The drawbacks of the approach is relatively coarse-grained itable
allocation, which would fail if the filesystem is highly fragmented,
but we don't _have_ to succeed either. The coarse-grained approach is
also a benefit because we don't need complex data structures to find the
itable, it reduces seeking during e2fsck, and we can keep some hysteresis
in adding/removing dynamic groups to reduce overhead (updates of many
GDT backups).
Cheers, Andreas
--
Andreas Dilger
Sr. Staff Engineer, Lustre Group
Sun Microsystems of Canada, Inc.
Andreas Dilger wrote:
> Alternately, any inode >= 2^32 would be dynamic? One clear benefit of
> putting the dynamic inodes at the end of the number space is that they
> will only be used if the static inodes are full, which reduces risk due
> to corruption and overhead due to dynamic allocations.

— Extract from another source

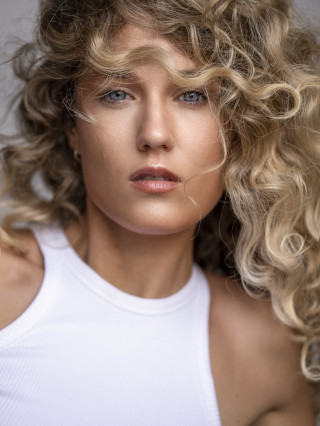 Hostess Lana K.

the highest (63th) bit put dynamic inodes at the end, no? the idea is that
using 48 bits we can address block directly, w/o any additional lookup via
some metainode. essentially this is just a way to introduce 64bit addressable
fragments of 2^(64-48-1) size.
>> * each block is covered by two bits: in inode (I) and block (B) bitmaps:
>> I: 0, B: 0 - block is just free
>> I: 0, B: 1 - block is used, but not contains inodes
>> I: 1, B: 0 - block is full of inodes
>> I: 1, B: 1 - block contains few inodes, has free space
>
> Storing B:0 for an in-use block seems very dangerous to me. This also
> doesn't really address the need to be able to quickly locate free inodes,
> because it means "I:1" _might_ mean the inode is free or it might not,
> so EVERY "in-use" inode would need to be checked to see if it is free.
just combine I and B into single bitmap:
1) when you look for free block it's any 0 bit in bitmap made by (I & B)
2) when you look for free inode (in current inode blocks) it's any 1 bit
in bitmap made again by (I & B), then you read corresponded block and
find free slot there (for example, it can be null i_mode)
looks very simple and doable?
> We need to start with a "dynamic inode bitmap" (DIB) that is mapped from
> an "inode table file" (possibly only for the dynamic inode table blocks).
> Free inodes can be scanned using the normal ext4_find_next_zero_bit()
> in each of the bitmaps.
the idea is that we can implement truly dynamic and varlen inodes w/o
introducing special files, using existing structures.
thanks, Alex
On Sep 26, 2008 03:00 +0400, Alex Tomas wrote:
> Andreas Dilger wrote:
>> Storing B:0 for an in-use block seems very dangerous to me. This also
>> doesn't really address the need to be able to quickly locate free inodes,
>> because it means "I:1" _might_ mean the inode is free or it might not,
>> so EVERY "in-use" inode would need to be checked to see if it is free.
>
> just combine I and B into single bitmap:
> 1) when you look for free block it's any 0 bit in bitmap made by (I & B)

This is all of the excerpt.